Le mur était séparé lui-même de la plaine par un large fossé plein d'eau. Le pont-levis sur lequel s’engageait Nono était commandé par une grande tour carrée, servant de poste aux hommes d’armes qui défendaient la porte. Une lourde herse de fer, levée en ce moment, était prête à s’abattre en cas de surprise.

En passant sur le pont, Nono vit une longue file de voitures chargées de denrées, et de toutes sortes de matériaux, qui stationnaient. Une paysanne qui marchait, deux paniers aux bras, fut accostée par deux êtres habillés de vert. Ils avaient un corps humain, mais ce corps était surmonté d‘une tête de fouine.

À vrai dire, était-ce bien une tête de fouine ? était-ce une tête humaine ? C'est ce que Nono aurait été fort embarrassé de décider. C’était l’une ou l’autre, selon la façon dont on les envisageait.

Ils fouillèrent dans les paniers qui contenaient des poules, des lapins, des légumes. Après avoir bien tout retourné, les deux êtres inscrivirent quelque chose sur un carnet, en détachèrent la moitié de la page, la remirent à la paysanne qui leur donna quelques pièces de monnaie qu’elle avait tirées de son mouchoir, et passa.

Après elle, ce fut un voyageur qui arrivait sa valise à la main. Les deux êtres à figure de fouine la lui firent ouvrir, en éparpillèrent le contenu sur le sol, mêlant linge propre et linge sale, puis ils firent une marque à sa valise, et passèrent à un autre.

D’autres êtres, habillés de même, toujours à double physionomie, visitaient les voitures, ne les laissant pénétrer qu’après en avoir vérifié le contenu et tiré quelque argent de ceux qui les conduisaient.

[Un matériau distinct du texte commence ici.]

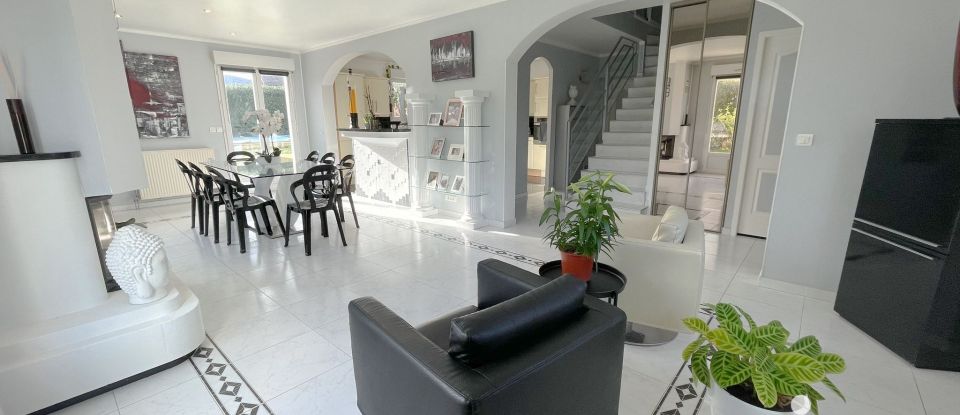 Maison 7 pièces de 179 m² à Valleiry (74520)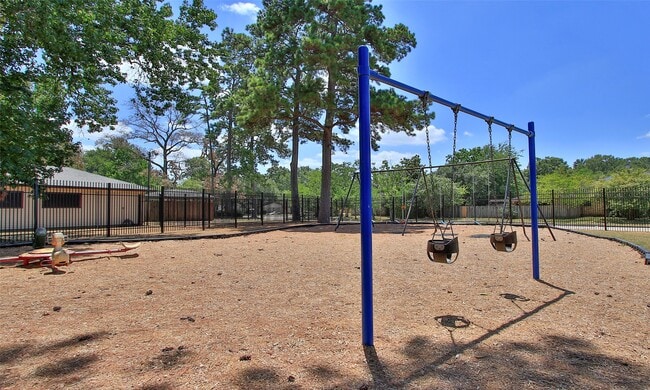 Building Photo - 6940 Foxmont Ln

Nono, qui n‘avait aucun paquet, passa sans qu’il lui fût rien dit, mais on l’inspecta des pieds à la tête, pour s‘assurer qu’il ne dissimulait rien sous ses vêtements.

Des soldats montaient la faction de distance en distance. Ceux qui attendaient leur tour de prendre la faction étaient devant la porte du corps de garde, fumant, riant, jouant. Il y en avait de plusieurs sortes.

Parmi ceux qui montaient la faction, les uns étaient armés de longues piques. Un sabre suspendu à un baudrier pendait à leur côté. Une cuirasse de fer leur protégeait le buste, un casque surmonté d’une plume leur ombrageait la tête. Ce devaient être les vieilles troupes, ils avaient des moustaches grises.

Mais, chose curieuse, comme ceux qui fouillaient les passants, comme le remarquerait encore Nono, sur tous les types qu’il rencontrerait dans la ville, ces soldats avaient une double physionomie : humaine et animale. À certains moments, lorsqu’on les regardait, leur figure faisait penser au mufle du tigre que, parfois, Nono avait aperçu au Jardin des Plantes.

D’autres, plus jeunes, étaient armés d’arbalètes, couverts seulement d’une casaque de buffle, sur la tête un chaperon, avec une plume de faucon sur le côté. Leur double physionomie était moins cruelle. Ils rappelaient à Nono les bouledogues qu’il avait, plus d’une fois, aperçus dans des voitures de bouchers.

Il y avait bien d’autres variétés encore, mais il avait hâte de pénétrer dans l’intérieur de la ville, et ce fut d’un pas délibéré qu’il s’engagea sur la large route qui y menait.